- **Task instructions**:
I'd like the entire listing output verbatim, apart from the pictures.

- **Supplied material**:
== Segment start ==
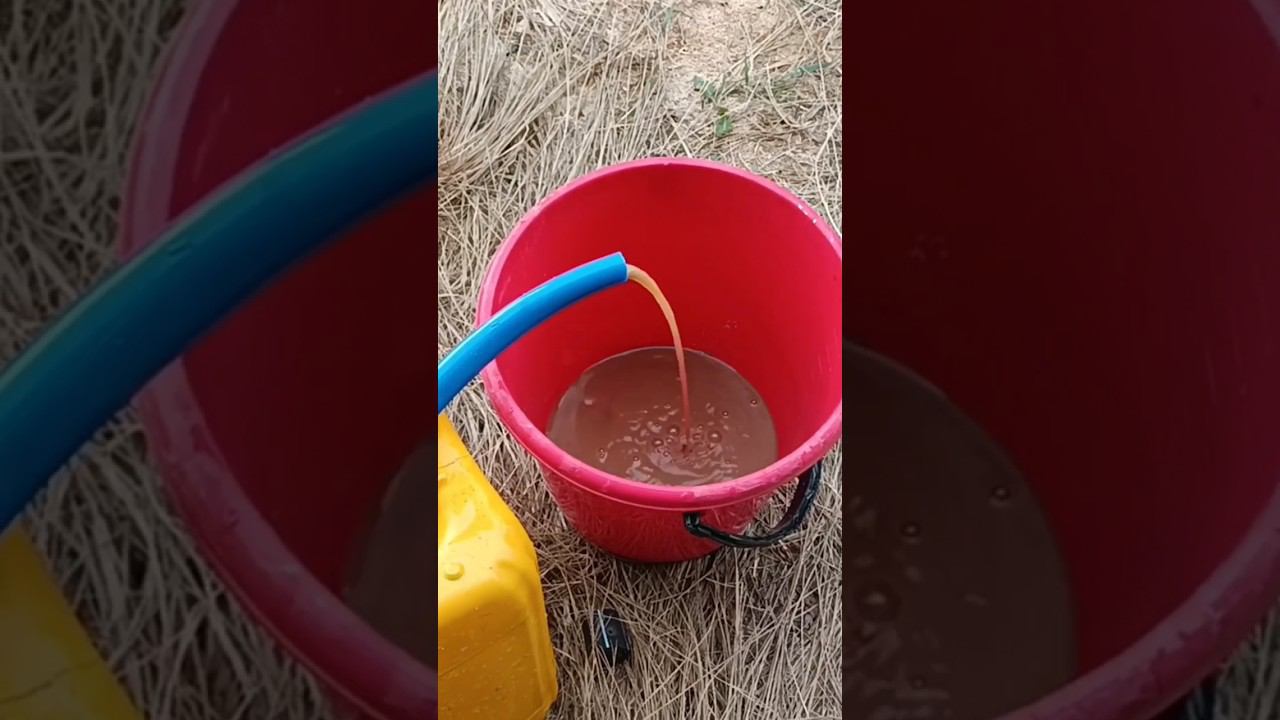 Первая скважина своими руками( ещё не прокачанная)- первая вода. Глубина 11.6 м, зеркало 6.6м. смотреть онлайн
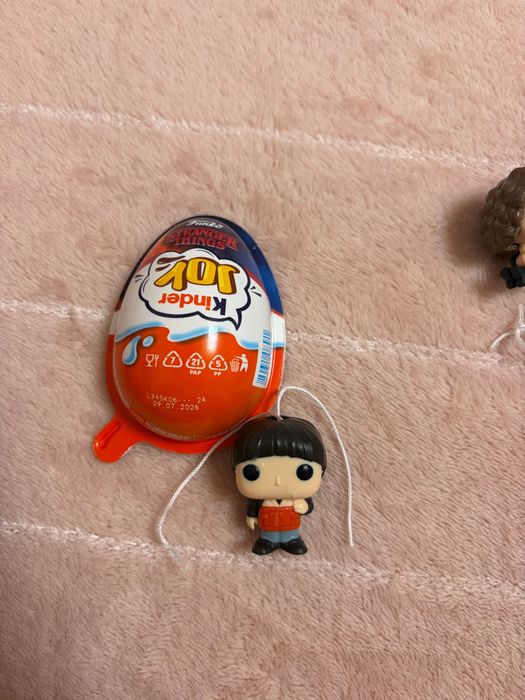 Stranger things Kinder joy фигурки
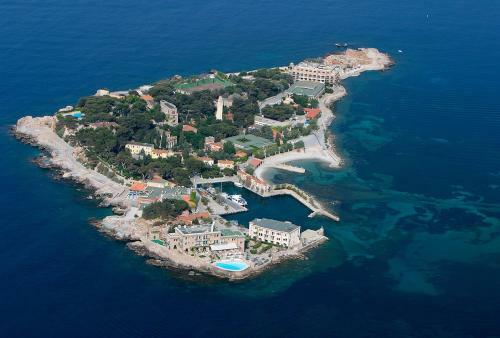 Apartamentos Hameau de Ren�cros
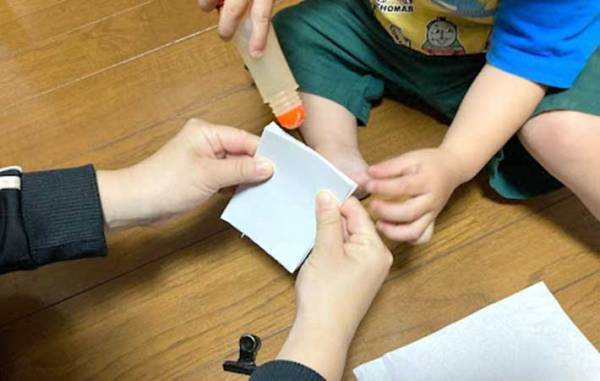 使い道のないチラシの活用法に「ガシガシ使える」「ずっとやる！」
== Segment end ==
- **Task solution**:
 Первая скважина своими руками( ещё не прокачанная)- первая вода. Глубина 11.6 м, зеркало 6.6м. смотреть онлайн
 Stranger things Kinder joy фигурки
 Apartamentos Hameau de Ren�cros
 使い道のないチラシの活用法に「ガシガシ使える」「ずっとやる！」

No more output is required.